“Son İmparator” diye bir film vardı. Sene 1987. Tam 11 tane Oscar almıştı. Ben daha uzun diye hatırlıyorum ama, IMDB 163 dakika diyor. Televizyon versiyonu için de 219 dakika diyor. Belki de bizde sinemalarda gösterilen televizyon versiyonuydu. Üzerinden 23 yıl geçmiş, hatırlama olasılığım pek yok.
Hatırladığım üç şey var film hakkında. Birincisi, filmin sonunda başına göre daha yaşlı olduğumu hissedecek kadar uzun olduğu. İkincisi, “asla ikinci defa seyredilmeyecek” filmler kategorisinde olması. Üçüncüsü ise, filmden iki adet diyalog, ikisi de Çin’in son imparatoru olan genç arkadaşla, İngiltere’den getirtme tepeden tırnağa beyefendi “özel hoca”sı arasında geçiyor.
Birinde, “centilmen nedir” diye soruyor genç imparator. Hocamız da anlatmaya çalışıyor. Sonra can alıcı soru geliyor. “Sen centilmen misin?”…
Kısa bir duraklama oluyor. Adam ne desin ki? “Centilmen değilim” dese, olmayacak. “Evet centilmenim” dese, ukalaca, hatta centilmenliğe aykırı bir laf. Bunu o zaman aynen böyle düşündüğümü hatırlıyorum. Adam “doğru” cevabı yetiştiriyor ardından: “Olmaya çalışıyorum.” Evet… Centilmenlik ancak “olmaya çalışılabilecek” bir şeydir, bir idealdir, varılmaz, ancak peşinde koşulur çünkü…

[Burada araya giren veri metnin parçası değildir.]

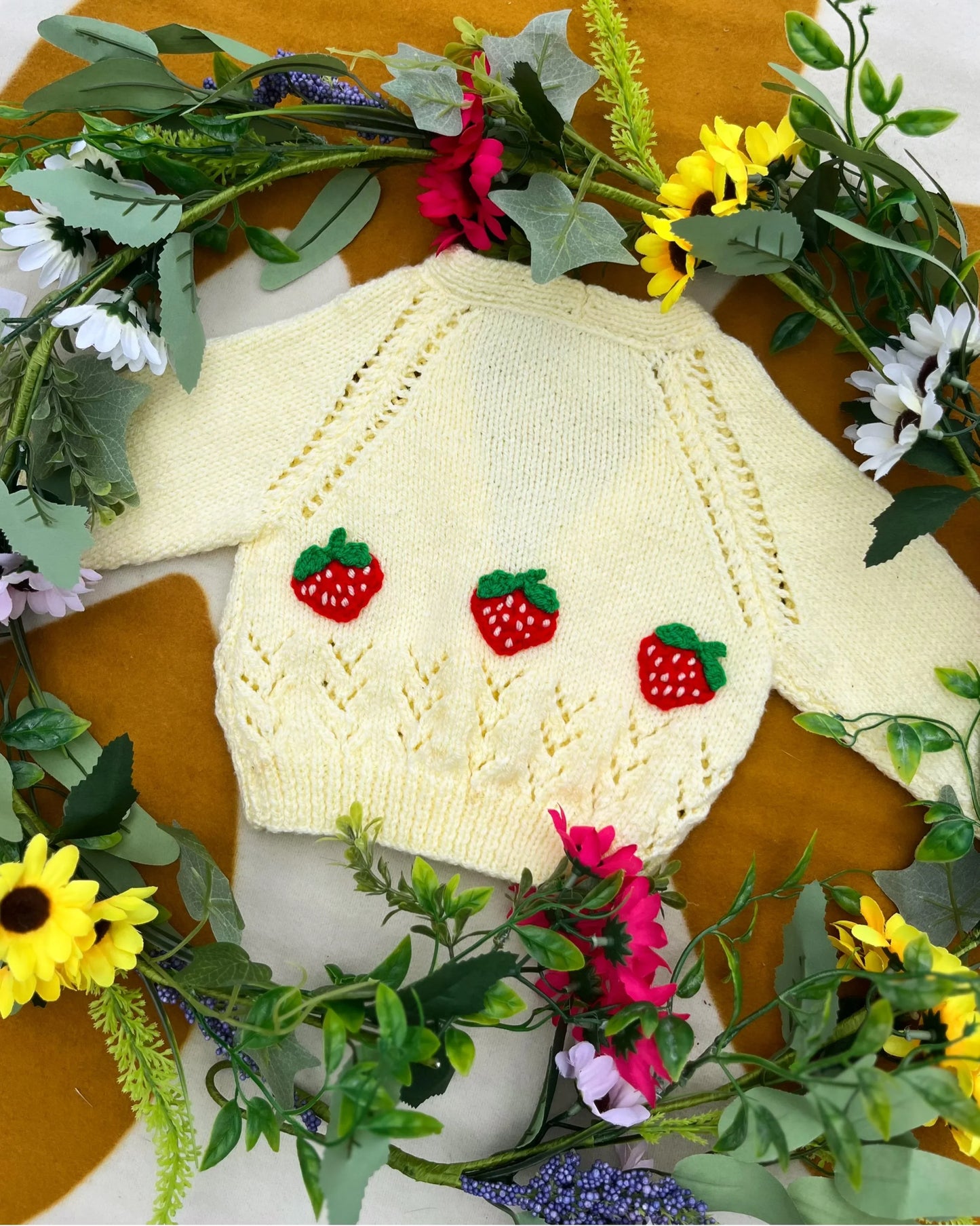 Personalised baby strawberry cardigan by Little Flower Knits cream knit sweater with three red strawberry appliques surrounded by flowers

İkinci diyalog şöyle: Lord kılıklı hocamız, yine bir şeyler öğretme derdinde. “Sonra da sınav yaparız” falan gibi bir şeyler diyor. Genç imparatorumuz bombayı patlatıyor:
“But the emperor can not be examined!”
Altyazı geçersek:
“Ama imparator sınanamaz!”
İngiliz hocamız, sakince durumu anlatıyor, benim aklımdan geçen gibi bir tepki vermiyor. Bir şekilde olacağına anlaşıyorlar diye hatırlıyorum. Bunun da beni düşündürdüğünü hatırlıyorum. Yani “ekselans” derler mesela İngilizler, “mükemmel” manasında. Orada da öyle bir durum var, imparatorun mükemmel olduğu kabul ediliyor. Tabi bu, “aman ha, kimse imparatorun mükemmel olmadığını ortaya çıkartmasın” tadında bir düşünceden ortaya çıkıyor. O zaman böyle düşündüğümü iyi hatırlıyorum.
Düdük makarnası filmden hayat dersleri…
- Adam olunmaz, olmaya çalışılır.
- Sınanmayı reddeden adam, ya korkuyordur, ya da saklayacak bir şeyi vardır.
- Herkes bir gün birilerine hesap verir… İmparator bile.
——————————–
Yazı yarım gibi duruyorsa, “bir yere bağlanmadı” diye düşünüyorsanız, haklı olabilirsiniz. Kırptım çünkü. Kırpılmamış hali, yayınlamaya uygun değildi. Kırpılmış hali de… Bu kadar oldu.
Neden mi kırptım? Sırf bir düdük makarnasının hatırına.